▸ Material to process:
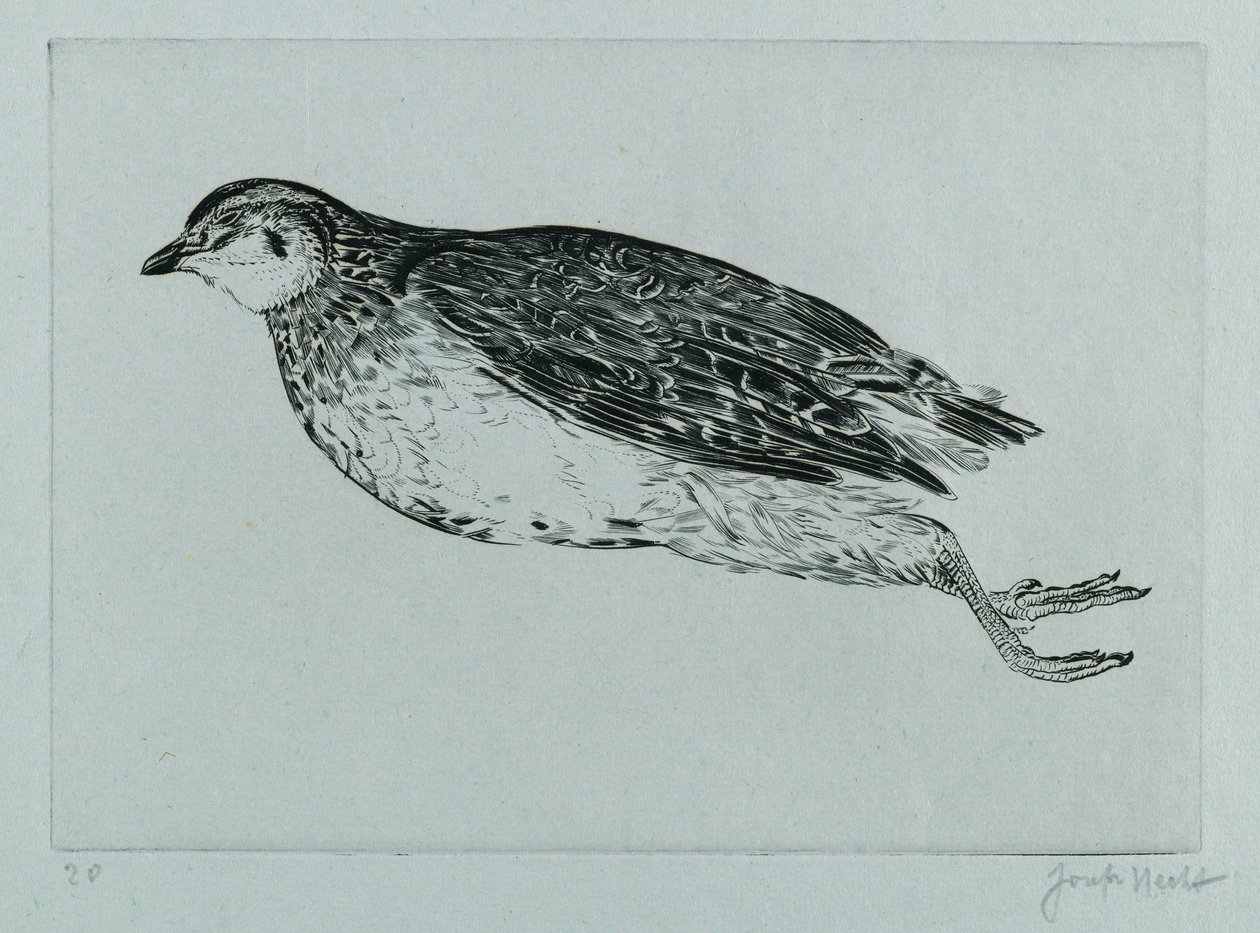 Dead Partridge (La Perdrix) (gravírování) od Joseph Hecht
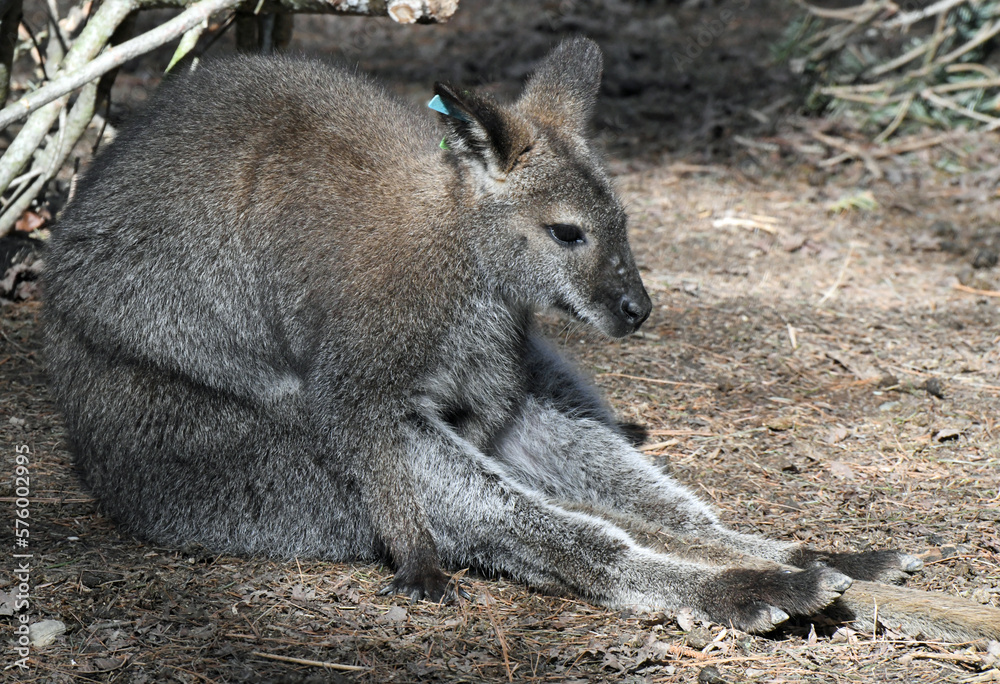 Naklejka premium Wallaby Close Up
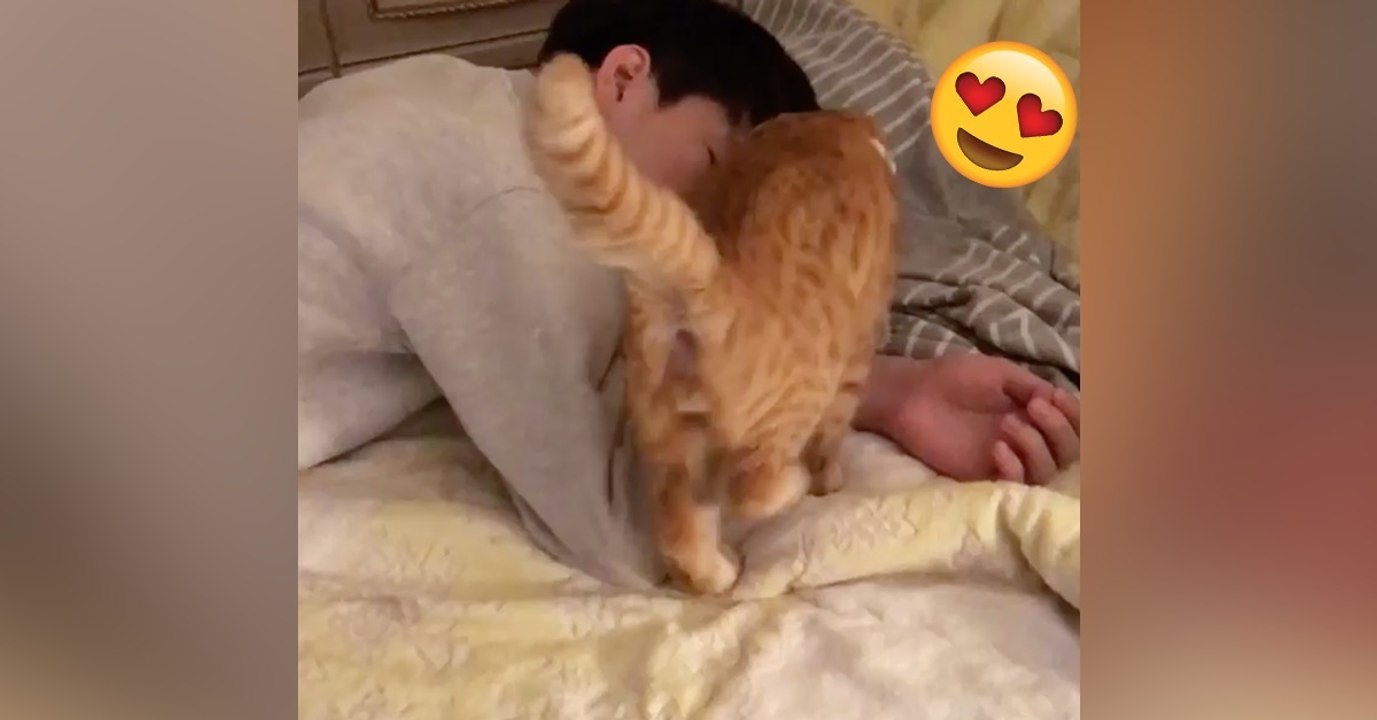 Wenn du siehst, wie sich dieses Fellknäuel an sein Herrchen kuschelt, wirst du vor Neid erblassen!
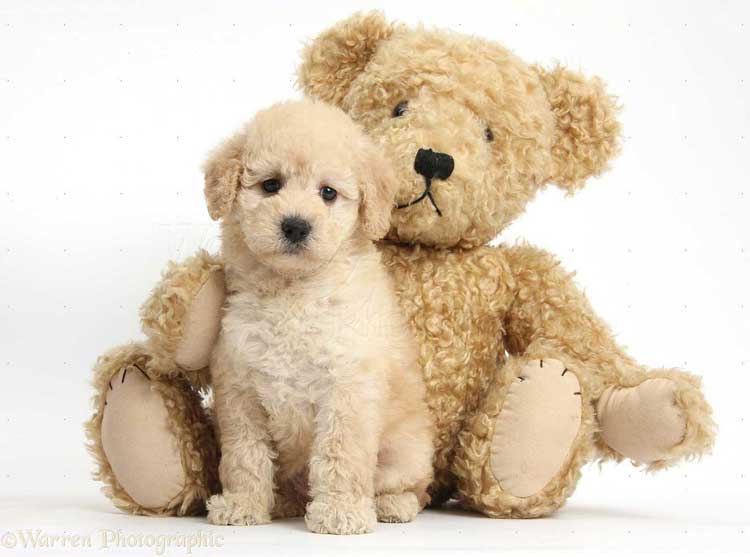 Goldendoodle-puppy-Teddy-bear-dog.jpg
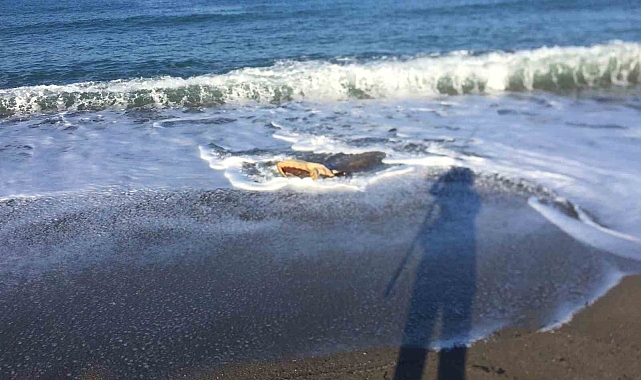 Ters Dönen Caretta Caretta Antalya'da Vatandaşların Yardımıyla Kurtarıldı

▸ What the task asks: Send back the listing exactly as it stands. Do not include the pictures.

▸ Task response:
 Dead Partridge (La Perdrix) (gravírování) od Joseph Hecht
 Naklejka premium Wallaby Close Up
 Wenn du siehst, wie sich dieses Fellknäuel an sein Herrchen kuschelt, wirst du vor Neid erblassen!
 Goldendoodle-puppy-Teddy-bear-dog.jpg
 Ters Dönen Caretta Caretta Antalya'da Vatandaşların Yardımıyla Kurtarıldı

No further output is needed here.